Have you ever checked out one of those laptops with the soldered-on eMMC SSD, where the manufacturer was basically checking the 'SSD' box for forgetting the 'Performance' box entirely? What if I told you that it was possible to fit an entire PCIe NVMe SSD with performance comparable to a 950 Pro into a package similar to those eMMC parts?

We have seen Samsung SSD internal PCBs shrinking over the past few revisions of their EVO line, but this is certainly taking things to the next level.

This new PM971-NVMe SSD is stacking 16 32GB 48-layer V-NAND dies lifted from their V2 850 EVO, stacking those *on top of* a 4GB of LPDDR4 20nm RAM die, which sits on top of Samsung's own ARM-based SSD controller. That's 768 layers of NAND, 4GB of NAND, and an NVMe controller all in a single BGA package! The complete package is rated at 1.5GB/s reads and 900MB/sec writes (SLC speed), and since everything is together and soldered straight to the mainboard of the system, thermal throttling should not be an issue since the system board would double as the heat sink. 512GB will not be the only capacity for this part – it will also be available to OEMs in 256GB and 128GB capacities (likely with lower performance specs as there will be reduced flash die counts in those parts, meaning reduced parallelism.

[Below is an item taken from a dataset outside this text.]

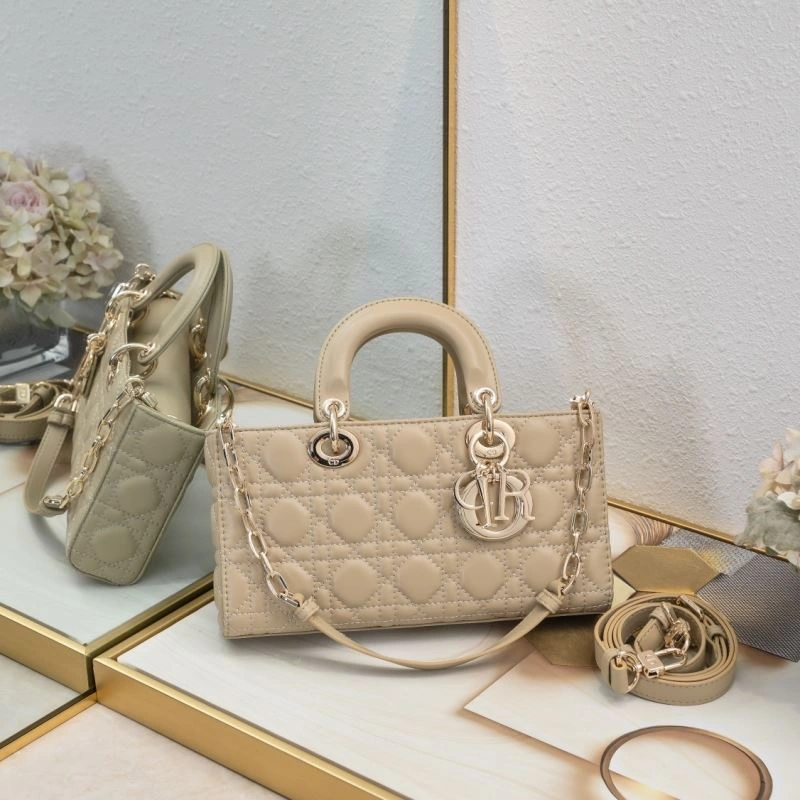 Sustainable Christian Dior Top Handle Bags 85471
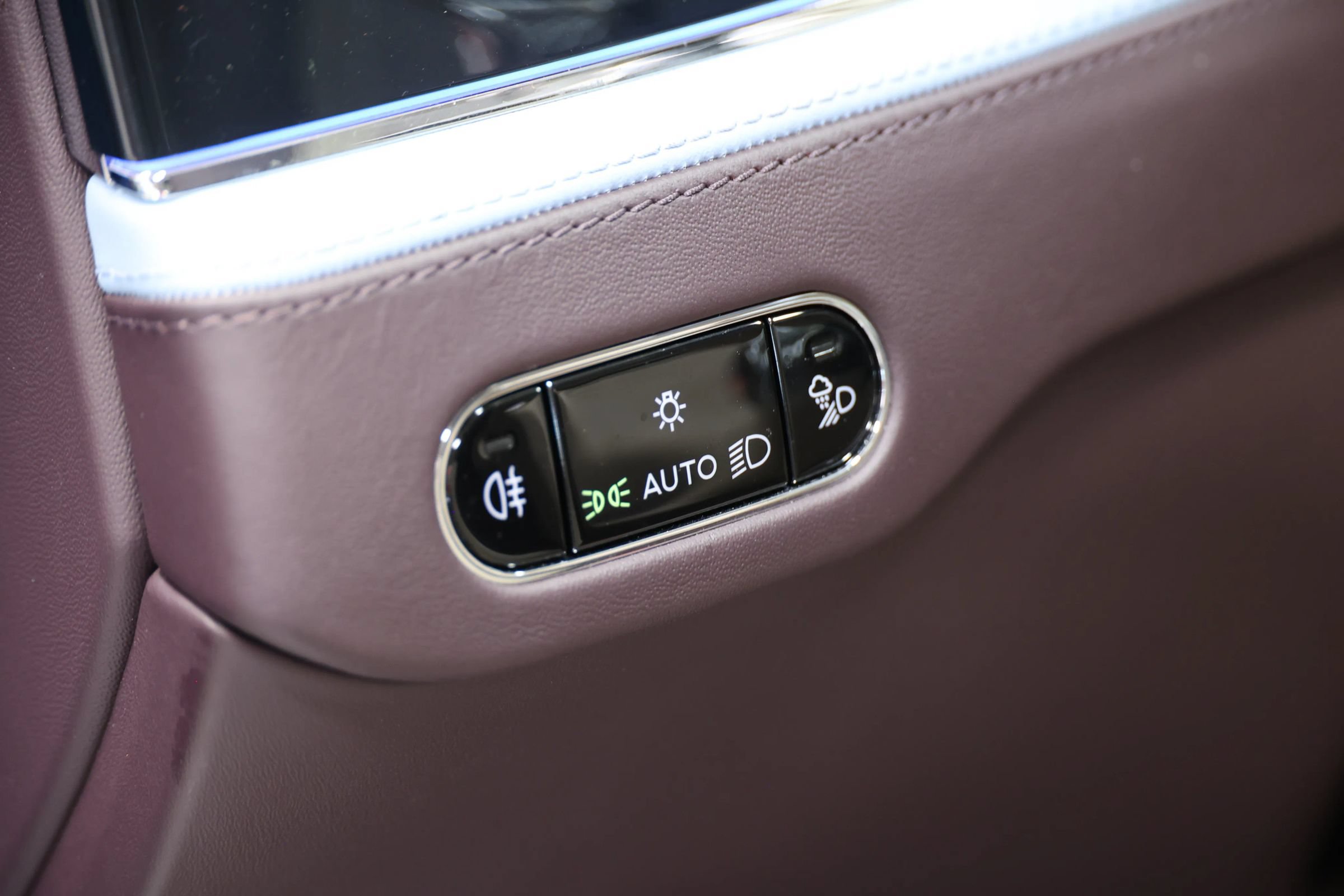 Used 2022 Bentley Flying Spur V8 AWD/4WD image 32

This is a big deal in a few different ways. Not only will it enable much higher performance in smaller mobile platforms, it is also the first manifestation of TurboWrite TLC/SLC caching with an NVMe linked controller (the 950 Pro was straight MLC). Being able to write straight to SLC does wonderful things for the 850 EVO's Latency Weighted Percentile results (bottom of page) even over a SATA bus, so I can only imagine what it would do over a PCIe link. The only potential downside would be that a laptop with PM971-NVMe installed would mean that it is not user replaceable, but then again, why would you want to?